The most violent earthquake to hit the Turkish and Syrian regions in 80 years has resulted in the the loss of cultural landmarks, tourism and, most significantly, lives.
Monuments with 2000 years of history were devastated in a two-earthquake bombardment. The devastation was to such a degree that many historic cities no longer bore a resemblance to what they once were. Alongside a death rate exceeding 50,000, the people of Syria and Turkey will feel the loss of cultural and historic landmarks. After such destruction, both nations are in desperate need of aid.
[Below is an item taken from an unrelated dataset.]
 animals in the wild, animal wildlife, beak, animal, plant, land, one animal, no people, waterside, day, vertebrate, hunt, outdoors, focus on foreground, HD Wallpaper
In the aftermath of the earthquake, Turkish Airlines, Pegasus and AnadoluJet have all provided evacuation flights and discounted flights out of the regions affected. The Foreign Office also reports that a few hotels are planning to help house the thousands affected by the earthquakes. However, millions are currently displaced altogether in both nations. In addition, in a letter to Turkey’s Minister of Culture and Tourism, leaders in the travel industry, such as the World Travel and Tourism Council (WTTC), have echoed the need for the tourist industry to “pull together and support each other.” The WTTC has also pledged to participate in a “rebuild in the future” for many of the buildings that suffered in the aftermath.
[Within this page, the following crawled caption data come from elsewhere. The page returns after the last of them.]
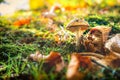 A single not edible mushroom in colorful spring forest background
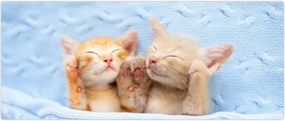 Tablou - Pisicuțe adormite (120x50 cm)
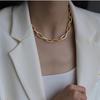 Retro Metal Chain Necklace for Women Simple Punk Trendy Chokers Geometric Chunky Short Collarbone Chain Jewelry Gift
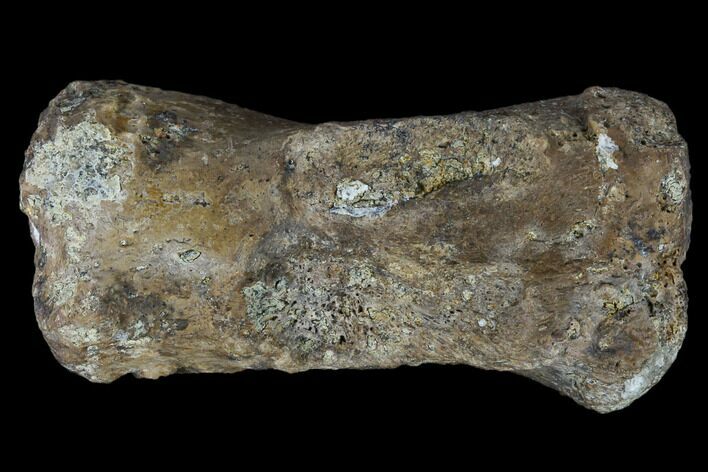 Fossil Theropod Caudal Vertebra - Aguja Formation, Texas #116830
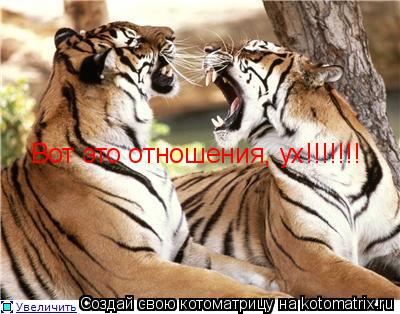 Вот это отношения, ух!!!!!!!... Котоматрица: Вот это отношения, ух!!!!!!!
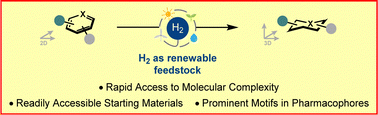 Graphical abstract: Asymmetric arene hydrogenation: towards sustainability and application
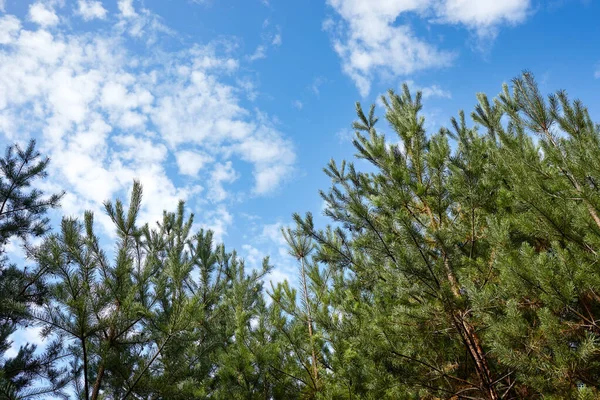 Bosque Contra Cielo Pinos Contra Cielo Azul Con Nubes Día — Foto de Stock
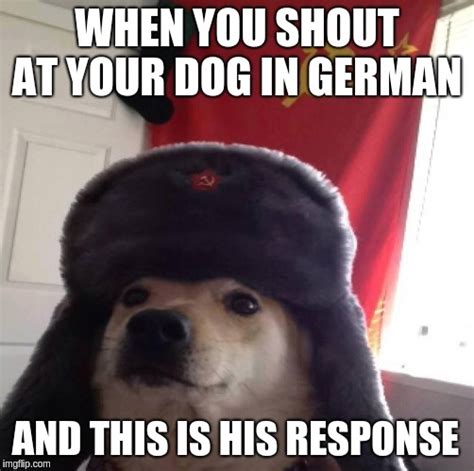 Image Tagged In Doggo In Soviet Russia Imgflip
Monuments with 2000 years of history were devastated in a two-earthquake bombardment
In Turkey, there was the tragic sight of the magnificent 2000-year-old castle of Gaziantep in ruins. The castle was built during the Roman occupation and further renovated under the Byzantine empire. The castle was once surrounded by lush greenery around the base of the erected cobble-bricked structure, while the city was recognised for its grand architecture and pistachio sculptures dotted around the city. Now 2000 years of stunning history has been reduced to rock and rubble in an instant. Very little of it now remains, with a few ruined stone walls and a base of unearthed green replaced by mud and sleet. This castle will no longer remain the site of the Gaziantep Defence and Heroism Panoramic Museum which will be a significant loss to the local tourist industry with it being listed as one of the top tourist sites in Gaziantep.
UNESCO cited the city as one of 47 cities part of their ‘Creative Cities Network’ in the field of Gastronomy. As a tourism hotspot for its local and innovative unique cuisine seeing, tourists came from far and wide to visit the region. However, we can expect a significant loss in tourism after the earthquake. Safety and suitability are what travellers look for. When that is not a guarantee in a nation, then, unfortunately, they will not be popular destinations.
The loss of Islamic cultural monuments will be felt dearly in Turkey
As well as the castle, the culturally significant religious monuments, the Sirvani Mosque and the Cathedral of Annunciation, did not make it through the immense earthquake unscathed. The loss of Islamic cultural monuments will be felt dearly in Turkey, which is a majority Muslim nation.
In Syria, the ancient city of Aleppo and its marvellous Citadel, a UNESCO World Heritage structure, had been ravished by the disaster. All that remained of the Citadel was a singular pillar that stood high over the crumbling walls of the third-millennium building that had withstood up until this point. The Citadel is one of the oldest castles in the world, while the Ayyubid mosque also sustained significant damage.
Our thoughts and prayers are with all the people affected by the devastation.
All of this culminates in a saddening loss of cultural history. We can only hope that what remains will be restored soon. Our thoughts and prayers are with all the people affected by the devastation.